» EXERCISE BRIEF:
From the line with "CD0461-016 1 Retro" through the last line of the records below, both ends included, transcribe only those lines, exactly, and omit the pictures.

» RECORDS SHOWN:
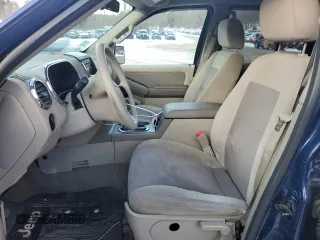 2007 Ford Explorer XLT with VIN 1FMEU73827UB53532, listed as a Copart auction lot 42154955 with 146,050 mi miles and Clean Title. Bid and sale history available at carsss.com. Image 7.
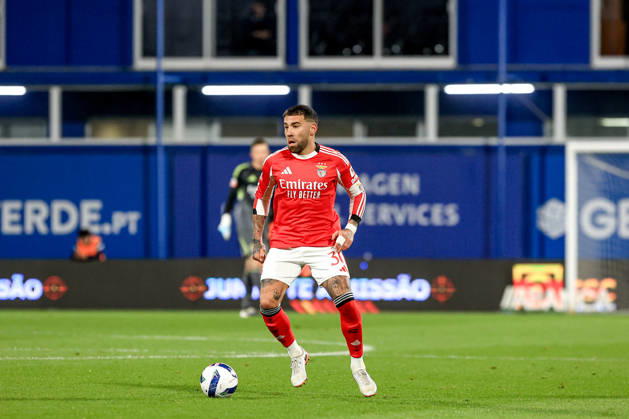GD Estoril Praia v SL Benfica - Primeira Liga Nicolas Otamendi of SL Benfica in action during the Primeira Liga match between GD Estoril Praia and SL Benfica at Estadio Antonio Coimbra da Mota in Estoril, Portugal, on May 16, 2026. Lisbon Estoril Portugal Copyright: xValterxGouveiax originalFilename:gouveia-16052026260517_npQjp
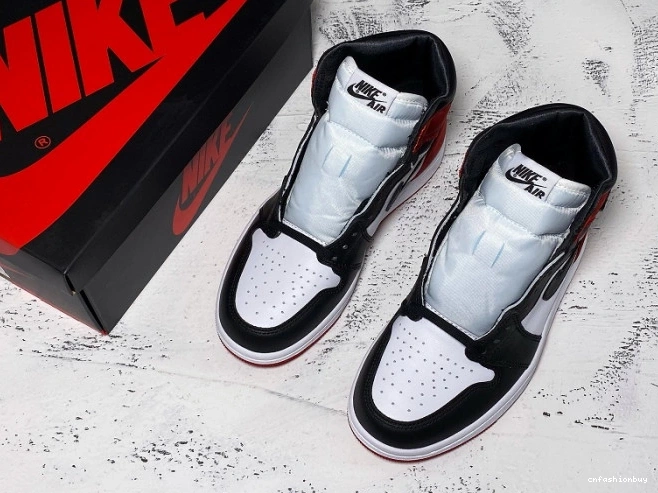 CD0461-016 1 Retro Air Jordan Toe High Satin Black 0822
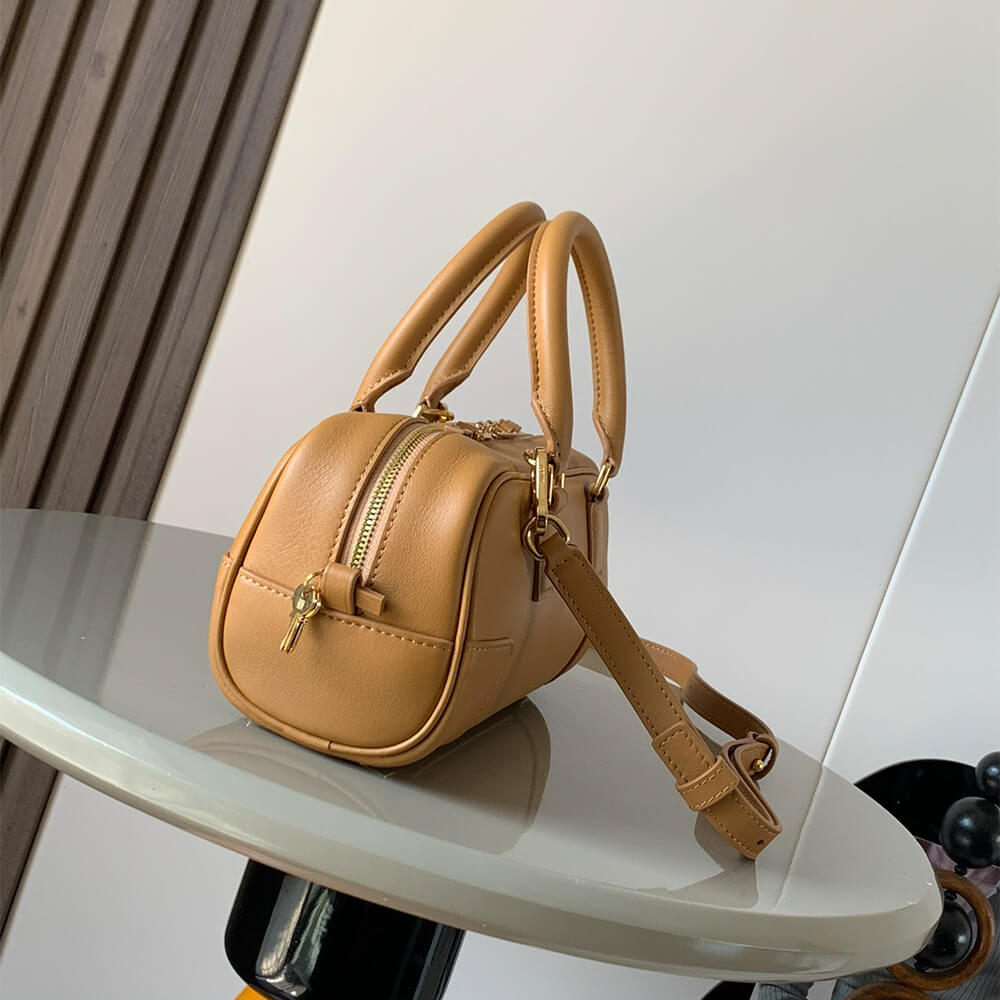 LOEWE Amazona 23 Cropped bag in nappa calfskin(HIGH-END GRADE) - Top Club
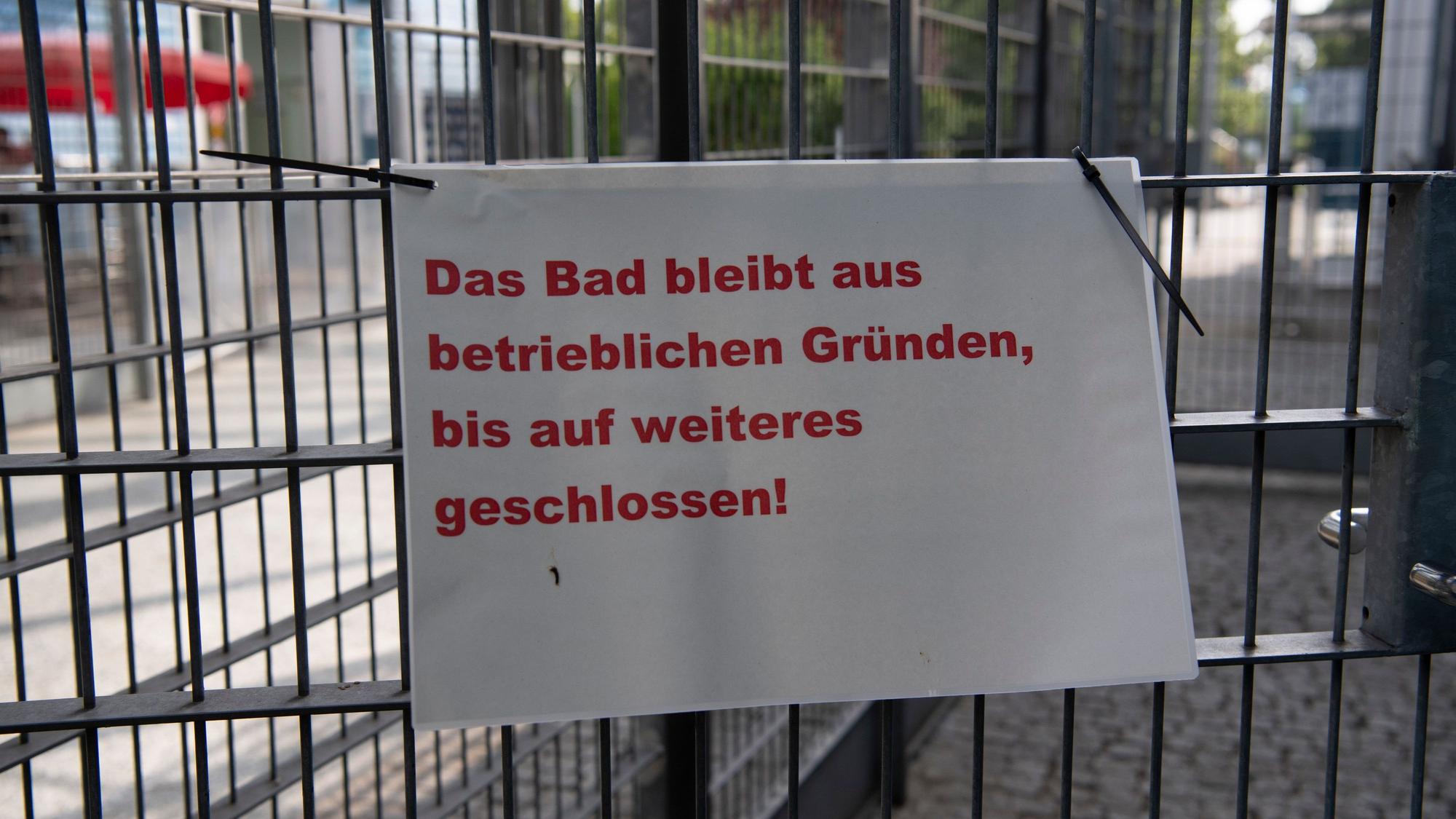 Verschlossen sind weiterhin die Tore zum Columbiabad. Wegen „hohem Krankenstand“ gibt es dort keinen Badebetrieb.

» EXERCISE RESPONSE:
 CD0461-016 1 Retro Air Jordan Toe High Satin Black 0822
 LOEWE Amazona 23 Cropped bag in nappa calfskin(HIGH-END GRADE) - Top Club
 Verschlossen sind weiterhin die Tore zum Columbiabad. Wegen „hohem Krankenstand“ gibt es dort keinen Badebetrieb.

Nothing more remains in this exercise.